YOUR OBJECTIVE: Exact wording is required: transcribe all the entries and leave the images out.

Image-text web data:

- Opening Delimiter -

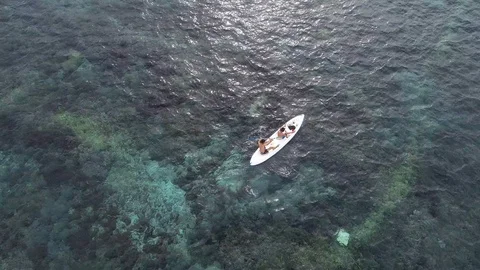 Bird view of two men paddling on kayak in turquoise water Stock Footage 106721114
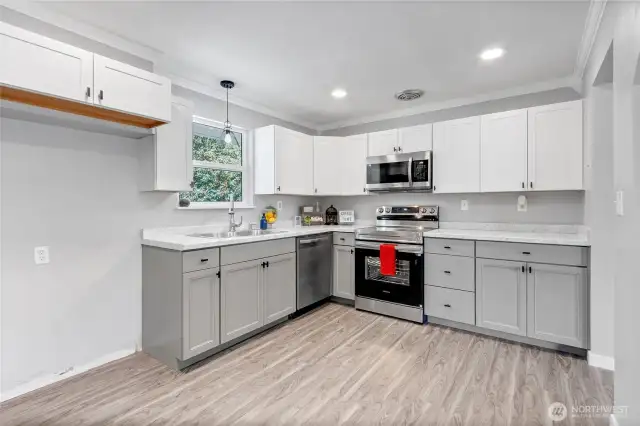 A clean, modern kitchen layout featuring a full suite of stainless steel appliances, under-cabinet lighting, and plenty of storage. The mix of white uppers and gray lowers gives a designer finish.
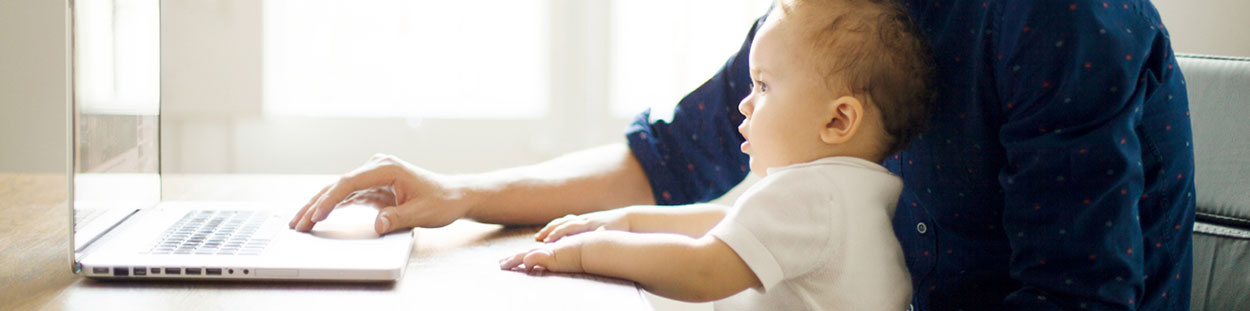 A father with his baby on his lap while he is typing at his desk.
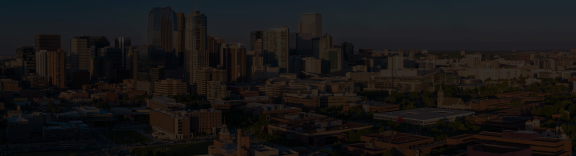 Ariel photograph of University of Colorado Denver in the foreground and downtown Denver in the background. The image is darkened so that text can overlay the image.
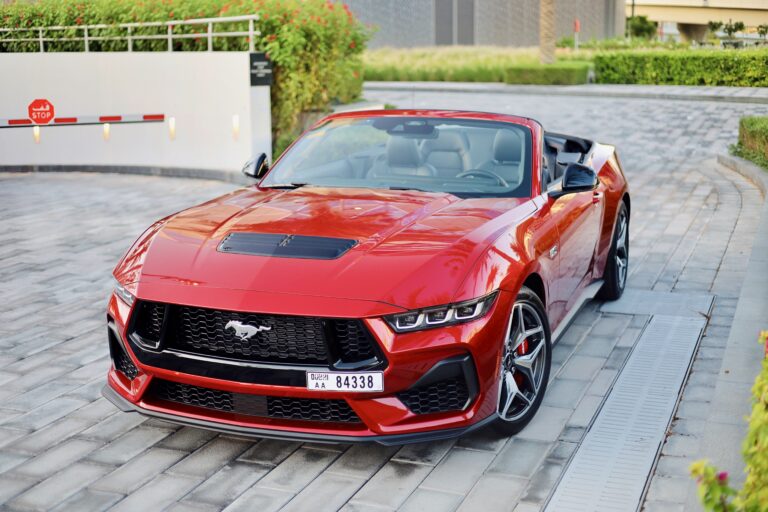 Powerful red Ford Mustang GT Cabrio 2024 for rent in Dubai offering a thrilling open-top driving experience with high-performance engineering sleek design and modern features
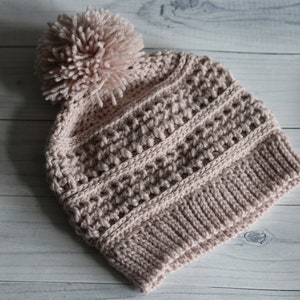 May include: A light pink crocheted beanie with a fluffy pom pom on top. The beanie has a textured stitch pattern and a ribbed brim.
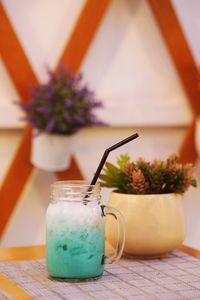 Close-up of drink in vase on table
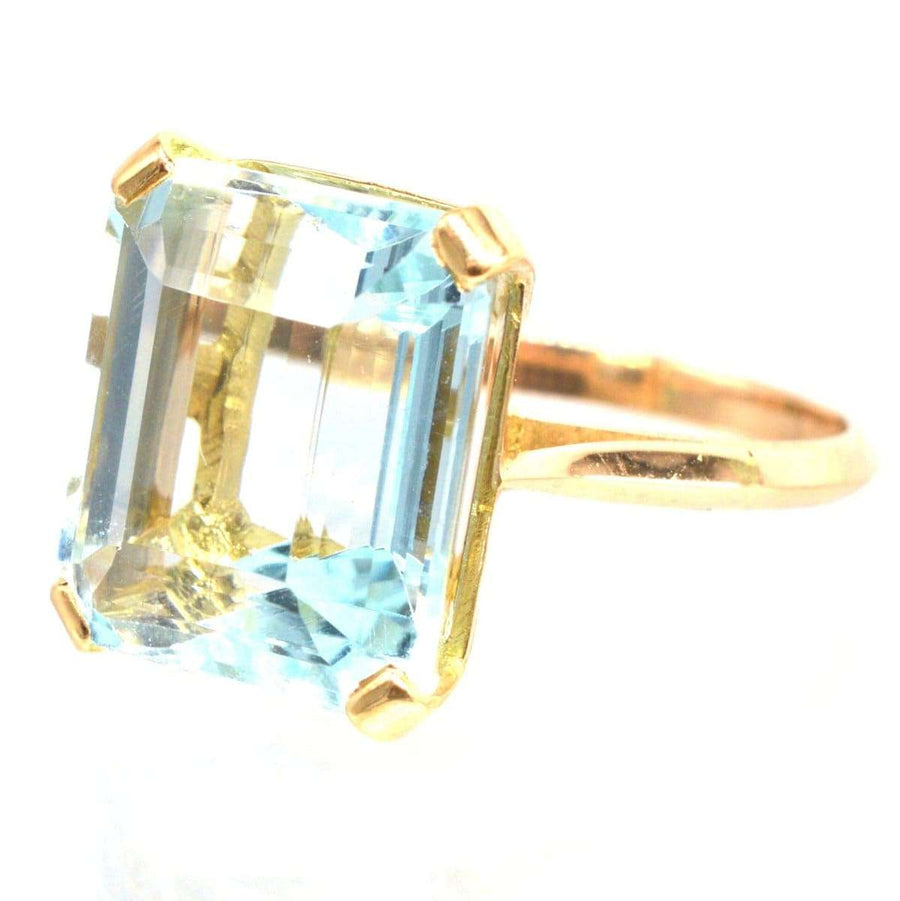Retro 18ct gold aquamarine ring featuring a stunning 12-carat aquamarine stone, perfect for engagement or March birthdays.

- Closing Delimiter -

OUTPUT FOR THIS TASK:
 Bird view of two men paddling on kayak in turquoise water Stock Footage 106721114
 A clean, modern kitchen layout featuring a full suite of stainless steel appliances, under-cabinet lighting, and plenty of storage. The mix of white uppers and gray lowers gives a designer finish.
 A father with his baby on his lap while he is typing at his desk.
 Ariel photograph of University of Colorado Denver in the foreground and downtown Denver in the background. The image is darkened so that text can overlay the image.
 Powerful red Ford Mustang GT Cabrio 2024 for rent in Dubai offering a thrilling open-top driving experience with high-performance engineering sleek design and modern features
 May include: A light pink crocheted beanie with a fluffy pom pom on top. The beanie has a textured stitch pattern and a ribbed brim.
 Close-up of drink in vase on table
Retro 18ct gold aquamarine ring featuring a stunning 12-carat aquamarine stone, perfect for engagement or March birthdays.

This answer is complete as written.